The alternative ways are the COPRTHR calls that were available before the MPI library appeared. These are:

coprthr_event_t coprthr_dexec( int dd, coprthr_kernel_t krn, unsigned int nargs, void** args, unsigned int nthr, void* reserved, int flags ); where dd is the device descriptor, krn is the handle to the kernel, nargs is the number of elements in the args variable (see next paragraph), args is a pointer to an array of pointers of values to be passed to the kernel, nthr is the number of times the kernel should be executed, reserved is not used and flags is one of  COPRTHR_E_NOWAIT or COPRTHR_E_WAIT. The return value is an event that can be used used in the call coprthr_dwaitevent(dd, event).

and:

coprthr_event_t coprthr_dnexec( int dd, unsigned int nkrn, coprthr_kernel_t v_krn[], unsigned int v_nargs[], void** v_args[], unsigned int v_nthr[], void* v_reserved[], int flags); which allows a number of different kernels to be executed at once. Each array is a is a collection of the same arguments in the dexec call.
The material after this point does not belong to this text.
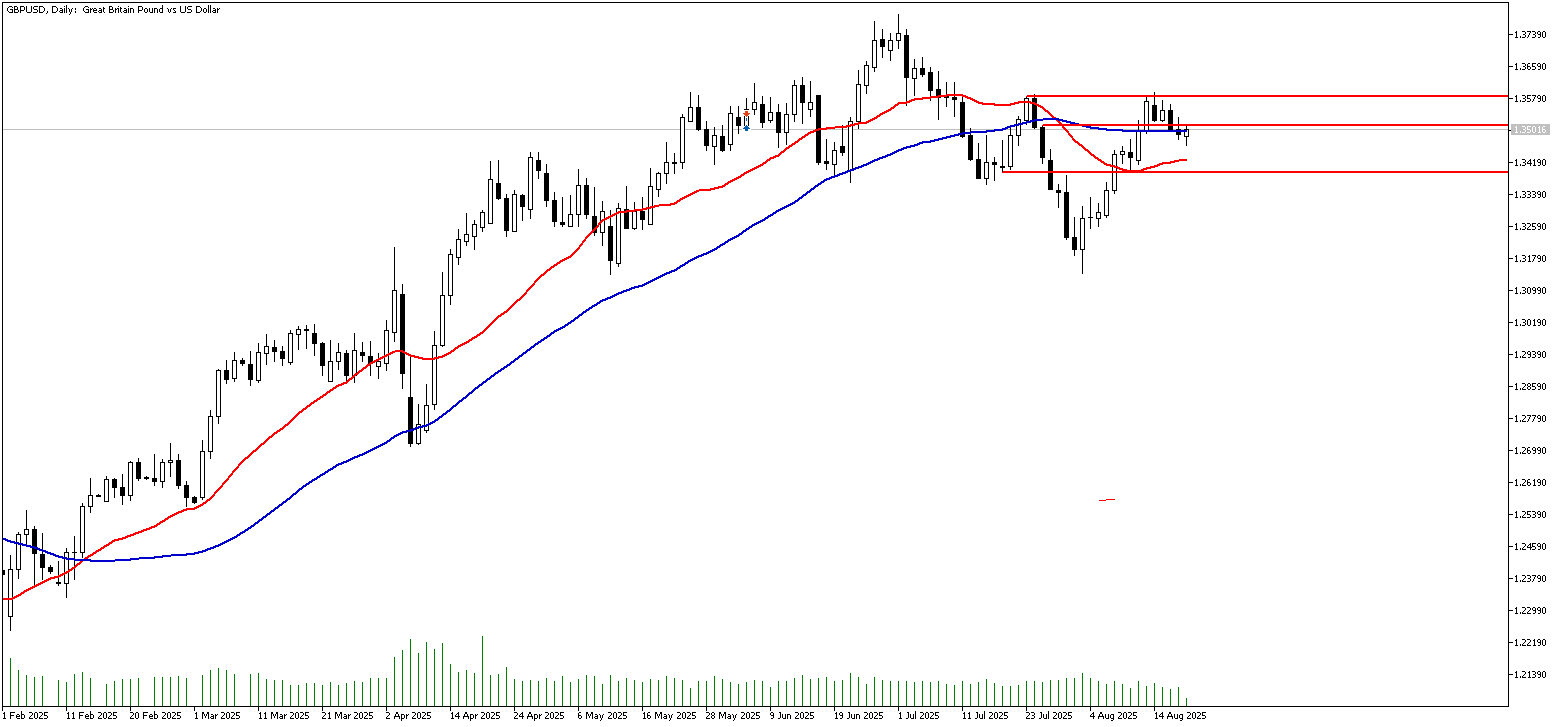 20 Ağustos 2025 Forex Analizi: GBPUSD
The big difference between mpiexec and dexec is how the arguments are passed. The dexec call only accepts arrays and those arrays have to be in shared memory. This means that passing singleton data via a one element array which is a bit clumsy. But remember, if you use mpiexec to call the kernel, you don't have to use any MPI.

e.g.

float n[] = { 2.0 };
int width[] = { WIDTH };
coprthr_mem_t p_arg_n = coprthr_dmalloc(dd, sizeof(float), 0);
coprthr_mem_t p_arg_width = coprthr_dmalloc(dd, sizeof(int), 0);
coprthr_dwrite(dd, p_arg_n,0,&n, sizeof(float), COPRTHR_E_WAIT);
coprthr_dwrite(dd, p_arg_width, 0, &width, sizeof(int),   COPRTHR_E_WAIT);
void * p_args[] = { &p_arg_n, &p_arg_width, &p_data_mem };

coprthr_dexec(dd, thr, 3, p_args, ECORES, 0, COPRTHR_E_WAIT);


Changes to Kernel Code


Finally, now that you have called your kernel, you need to retrieve your arguments. Remember that shared memory is slow so if you want to use them more than once it is better to make a local copy.
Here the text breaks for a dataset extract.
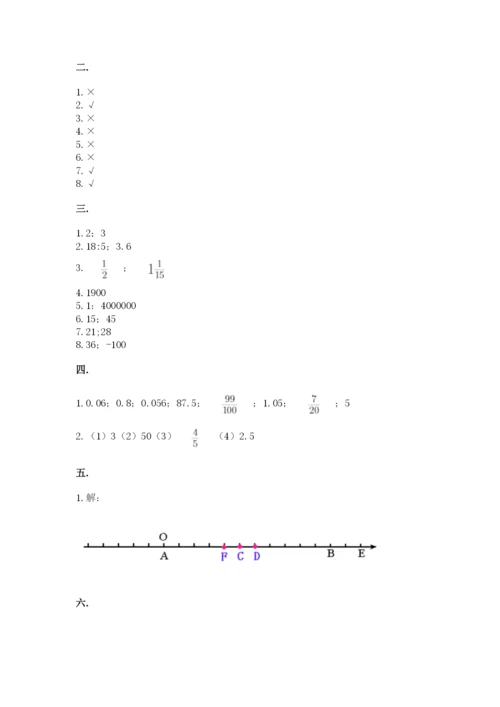 小升初数学综合模拟试卷及参考答案（达标题）.docx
Kernels called with coprthr_mpiexec you need to cast the single kernel argument as your defined structure:


__kernel void p_func_thread_mpi( void * p_args )
{
my_args_t* pargs = (my_args_t*)p_args;
...
}


With coprthr_dexec you need to de-reference the singleton arguments:


__kernel void p_func_thread_std( float * p_arg_n,  int* p_arg_width, void * p_mem )
{
float n = p_arg_n[0];
int cnt = p_arg_width[0] / ECORES;
float * g_pmem = (float *)p_mem;  /// to be used in dma copy
...
}

Reserving Local Memory


In stdcl there is no way to dynamically allocate space other than with source code modification and dynamic compilation. COPRTHR has two calls that allows you to use free space in local memory:

void * coprthr_tls_sbrk(int size); which returns the contents of the system variable containing the first byte of free memory and sets the free memory address system variable to be size bytes further along

and:

coprthr_tls_brk(void * addr); sets the system variable containing address of the first byte of free memory to be addr.
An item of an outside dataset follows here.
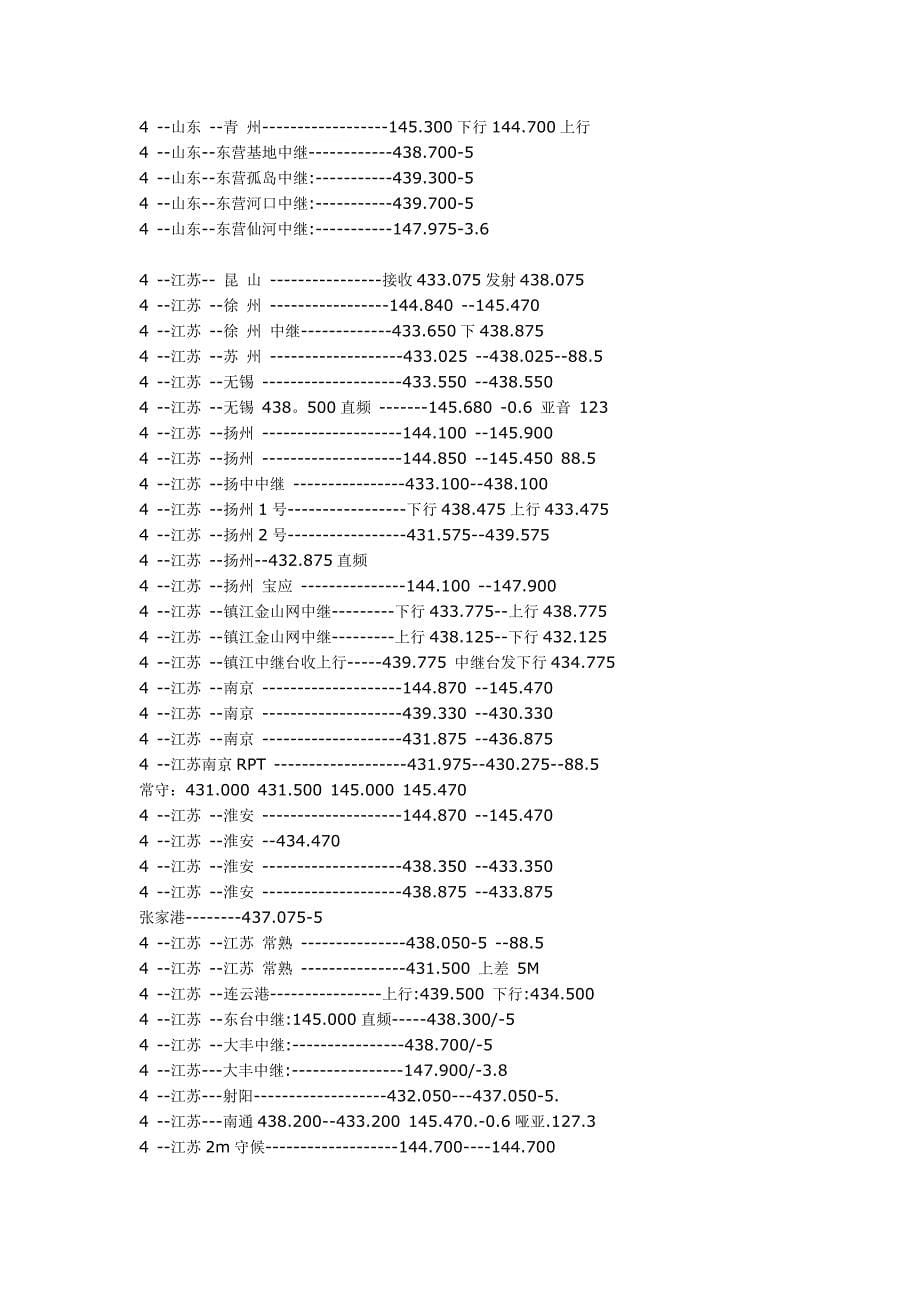 全国业余电台频率直频、中继一览表_第5页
These calls should be used as following (if you are into neatness):

/// store the starting position of free space
void * memfree = coprthr_tls_sbrk(0);

/// grab a chunk of free space for local storage
float * localSpace = (float*)coprthr_tls_sbrk(cnt * sizeof(float));

/// do something with the space


/// reset the free space pointer to where it was initially
coprthr_tls_brk(memfree);

WARNING: The value returned by coprthr_tls_sbrk is an actual memory address. Remember this is bare metal programming with no comfy operating system preventing you writing data where you shouldn't. 


Copying using DMA


Once you have a reference to shared memory (called global memory in OpenCL terms) and allocated some space, you need to copy it into memory local to the core. The eSDK documentation shows the basic synchronous copy command:

int e_dma_copy(void *dst, void *src, size_t bytes); which copies bytes of data from src to dst returning 0 if successful. This is a synchronous copy using the E_DMA_1 channel.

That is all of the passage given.